For Helland, enterprise architects have an important part in this innovation. Architects must think across all the levels of their organization and partner organizations. "Architecting in isolation is no longer acceptable and is downright dangerous. Everything is, or will be, interconnected, and the ability to send messages everywhere—and ensure those messages are heard—is key to long-term success."

Microsoft has its own strategy about SOA, based on the observation that solutions are increasingly getting built out of pieces that interact through messaging—and that SOA is about reducing the assumptions required to get cooperative work done. "Microsoft first wants to help in the effort to define standards that make it easier to interoperate," Helland explained. "Plus, we are building support to make .Net the premier environment for developing and deploying services-oriented applications."
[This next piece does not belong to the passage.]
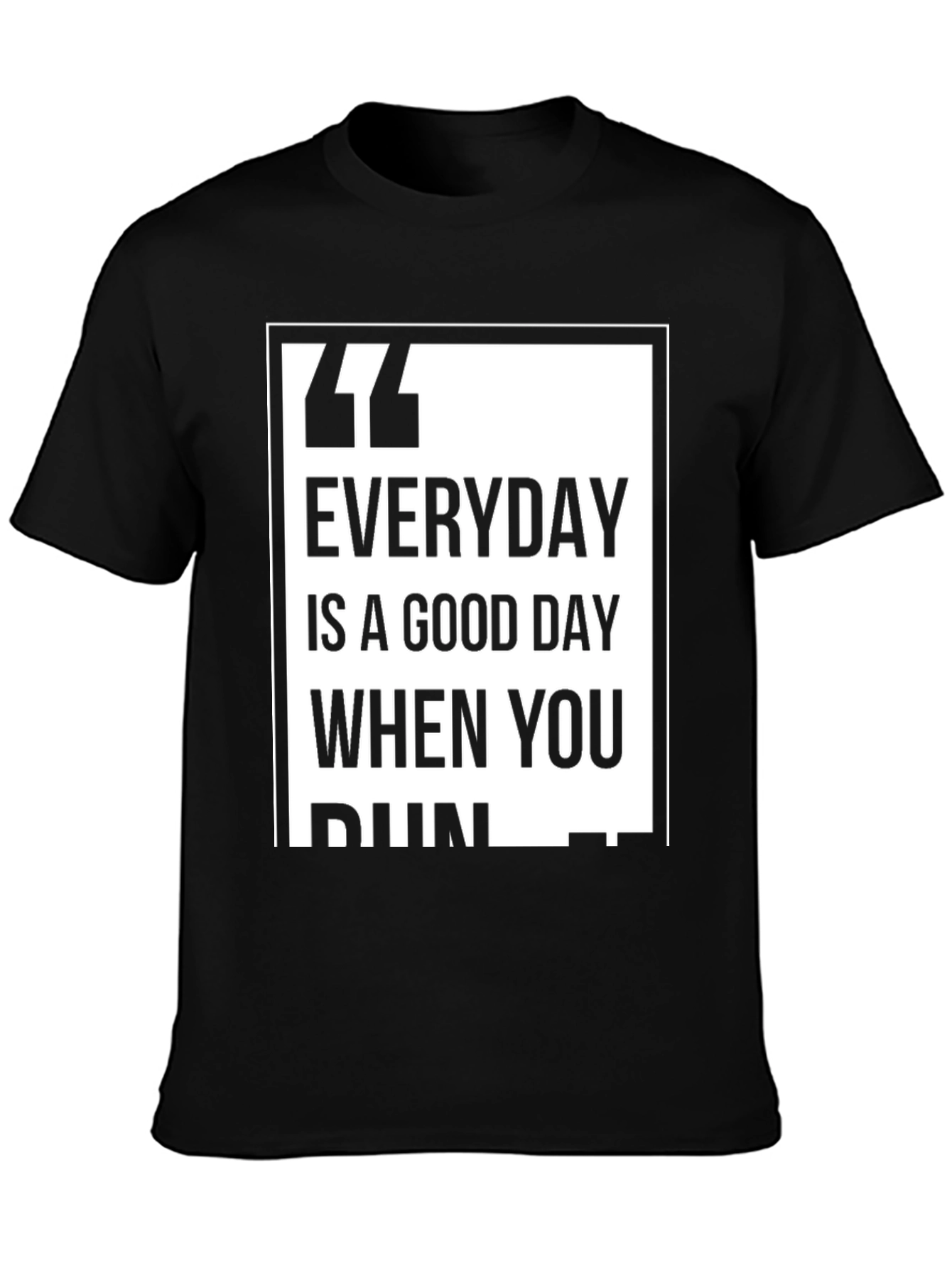 Everyday is a Good Day T-Shirt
For many years, IT shops have developed in isolation, with independently created applications and little overlap in how things were done. Since applications weren't connected, this seemed of little consequence. However, recently it has become very practical to interconnect both the applications within an IT shop and those from other IT shops spread around the world. People can now easily browse and visit distant applications, as well as transmit data to remote applications. What remains difficult is getting the data to work across different applications.

"Connecting applications has been an afterthought, historically," said Helland. Yet, he believes that we're going to start seeing everything designed intrinsically to be connected. "Core platforms have to provide this capability in order to really make integration faster, cheaper, and easier."